I have a setup where both Jira and Confluence are running externally through Apache proxy. Confluence authenticates users through Jira using Crowd integration.
The problem started when I tried to enforce SSL on our Jira instance. I set up HTTP to HTTPS redirection, but after that change, users can’t log into Confluence anymore. I had to turn off the redirect temporarily to fix the login issue.
Looking at the Confluence admin panel under user directories, I can see that the crowd server URL still shows http://our-jira-domain instead of the HTTPS version. This seems to be causing the authentication failure.
I’ve checked everywhere I can think of but can’t find where to modify this setting. There’s no option in the Confluence administration interface to change it, and I don’t see any crowd configuration files in the directories I have access to.
What’s the correct way to update the Crowd server URL configuration in Confluence to use HTTPS instead of HTTP for connecting to Jira?

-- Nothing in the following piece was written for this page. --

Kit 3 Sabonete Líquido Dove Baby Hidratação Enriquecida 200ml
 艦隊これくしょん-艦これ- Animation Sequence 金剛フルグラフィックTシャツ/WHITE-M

To update the Crowd server URL in Confluence for HTTPS connections, you need to modify the URL stored in the Confluence database. You have two main approaches: first, you can connect to your Confluence database and locate the cwd_directory table where your Crowd configuration resides. Update the directory_name or attribute_value columns to replace ‘http’ with ‘https’. Ensure you back up your database before making changes. Alternatively, you can use Confluence’s REST API at /rest/usermanagement/1/config/crowd to update the URL, which is a safer method. After making any changes, restart Confluence to apply them. I have encountered and resolved similar issues with SSL in proxies before, and this method worked effectively.
Had this exact problem six months ago during our HTTPS migration. Confluence caches the crowd server config and won’t auto-update when you switch protocols. Here’s what fixed it for me: go to the Confluence admin console, hit User Directories, and delete the existing Crowd directory entry completely. Then recreate it from scratch using the correct HTTPS URL. This forces a fresh connection with proper SSL handshake. Just make sure your SSL certs are configured right on both sides first - otherwise you’ll get cert validation errors. Takes about five minutes, users might need to log out/in once, but it’s way cleaner than messing with the database.
check your confluence home directory for the crowd.properties file - that’s where the server URL is actually stored. edit it directly and change http to https, then restart confluence. worked for me when the admin panel wouldn’t let me modify it.